Seems a good solution to me.

Edit: And say a big thank you to them of course.
I think you should take into account that when things do go wrong they have to drag the remains out. Not a very nice job and one that they will probably carry for the rest of their lives. Quite a lot to expect people to have to put up with so that we can make risky decisions on paddling a river when we know we will be on or over our limit.

Dont get me wrong I am as bad as anyone else and will take myself onto a river right at the top of and sometimes over my ability. its the way we improve. But when I do this I know I am paddling with a group of paddlers who are competant at that level and will probably be able to get me out if I am in trouble.

Not a whole group that is going to struggle at the same level.
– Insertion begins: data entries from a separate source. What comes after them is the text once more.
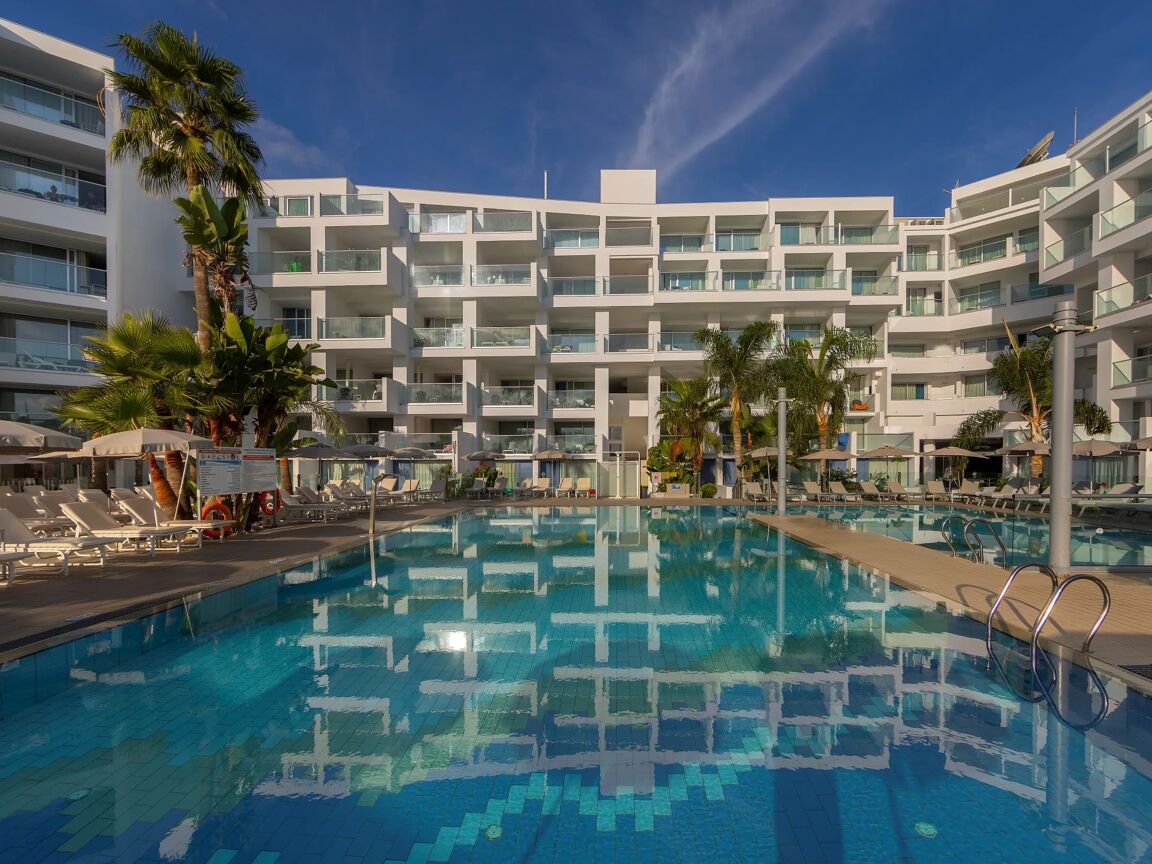 Limanaki Beach Hotel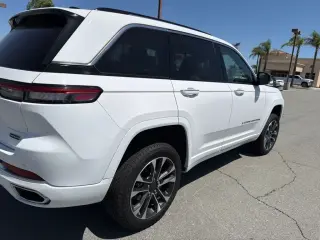 Jeep Grand Cherokee 2023 4x4 Overland 4dr SUV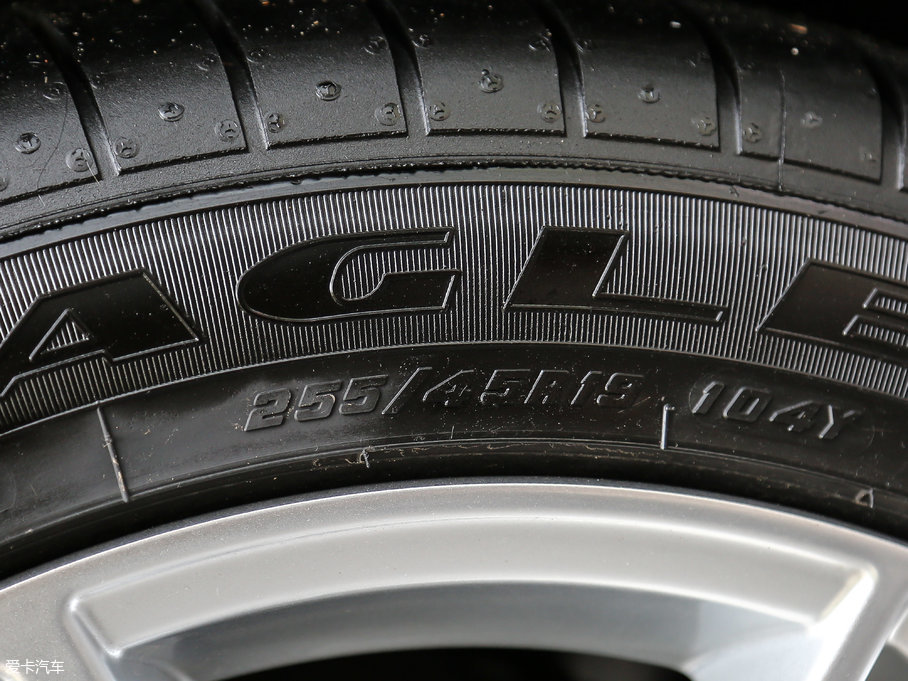 2017WA8 45 TFSI quattro m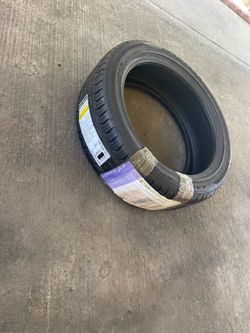 Goodyear Eagle Sport All-Season 245/45R20 103W XL Tire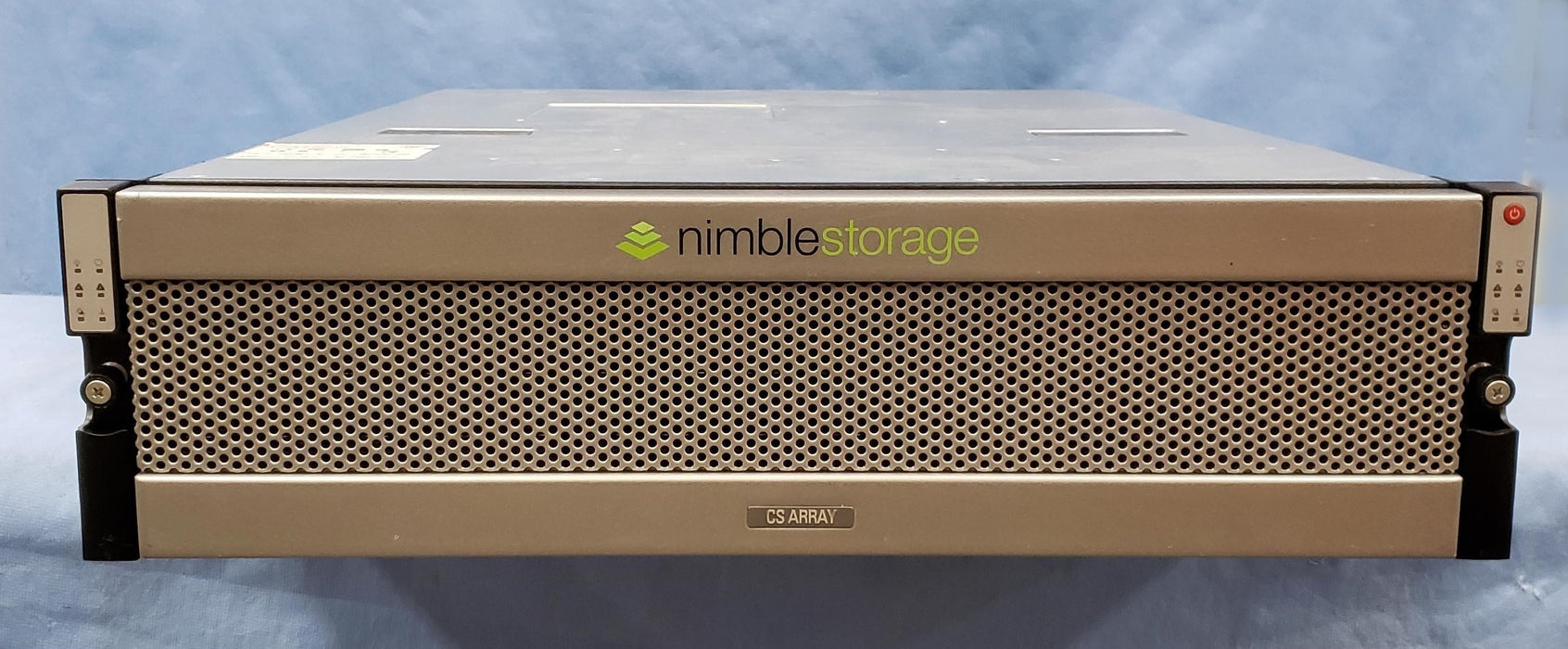 Nimble CS700 - 12 x 3TB 7.2K, 4 x 800GB SSD, 10Gbe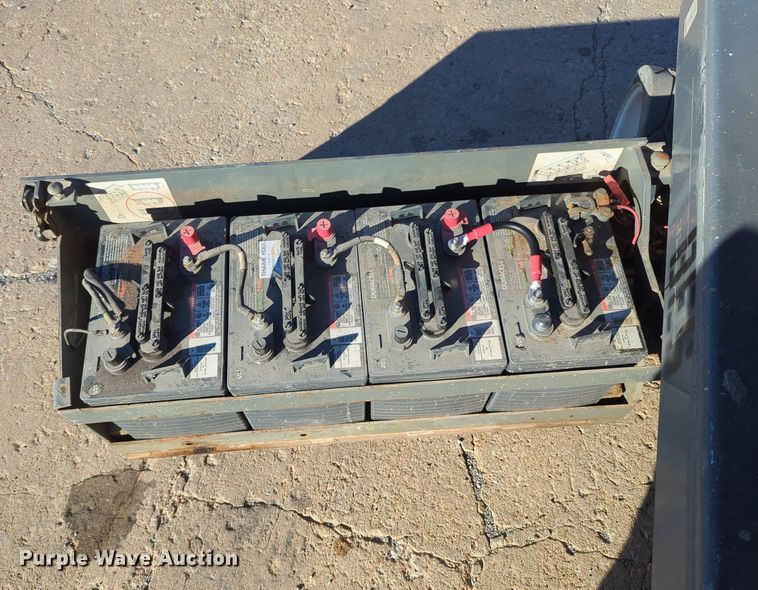 image for item OL9040 Sky Jack SJ III -3219  scissor lift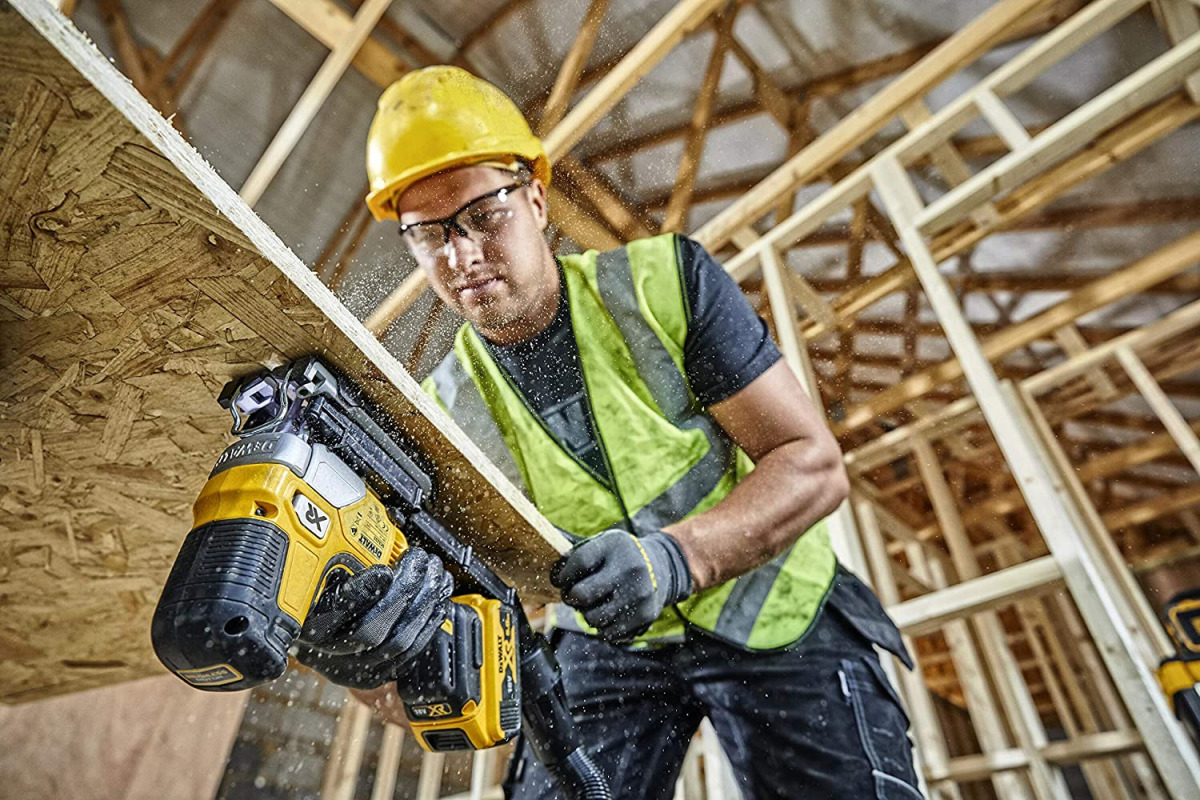 Aku ubodna pila DeWalt DCS335P2 18V XR sa dvije 5Ah baterije i punjačem u koferu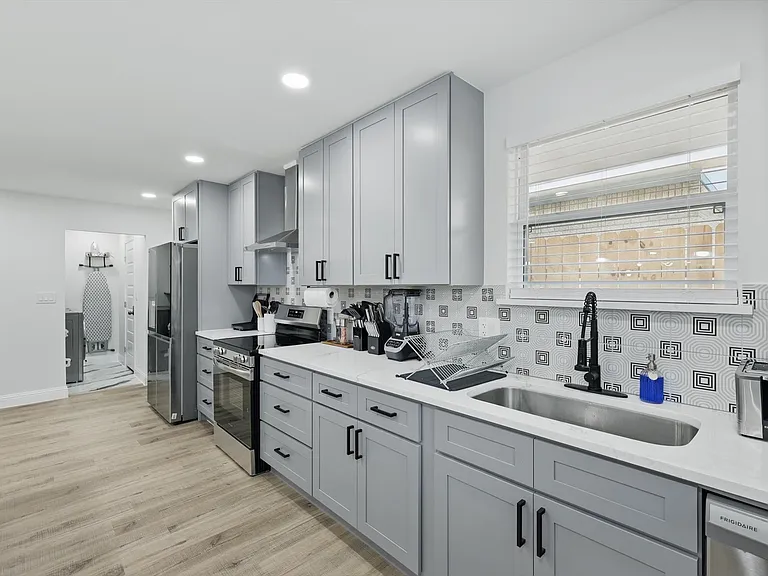 3321 Ridgehaven St — Photo 15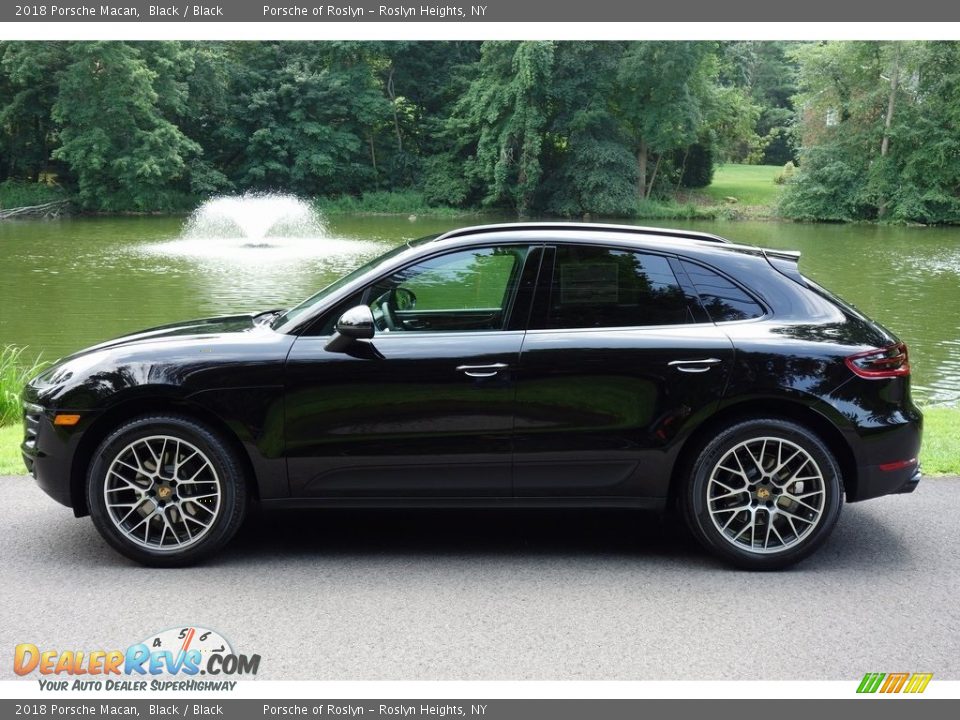 2018 Porsche Macan Black / Black Photo #7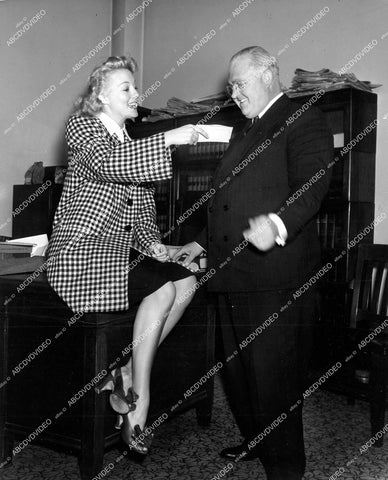 crp-14578 1942 Evelyn Keyes w city & DMV officials WWII A Card gas rationing compliance campaign crp-14578
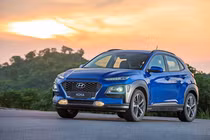 Hyundai Kona được đại lý giảm tới 20 triệu, Kia Seltos dè chừng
I think some comon sense should be applied here.

The emergency services are not after 15 minutes of fame, They just would rather avoid a liftime of unnessessary bad memories.
As far as i can see the problem was that people felt they were not qualified to comment on the responsibility of the situation. Give what they do for us from time to time, I think we should man up and let them say what they feel.

Though I whole heatedly agree that we don't want avoidable deaths or injuries that would but greater burdens both physical and mental on our valuable. emergency services personnel.

Slight side track; I know there is a dedicated vounteer Swift Water Rescue Team in North Wales, would extending this elsewhere be a good idea?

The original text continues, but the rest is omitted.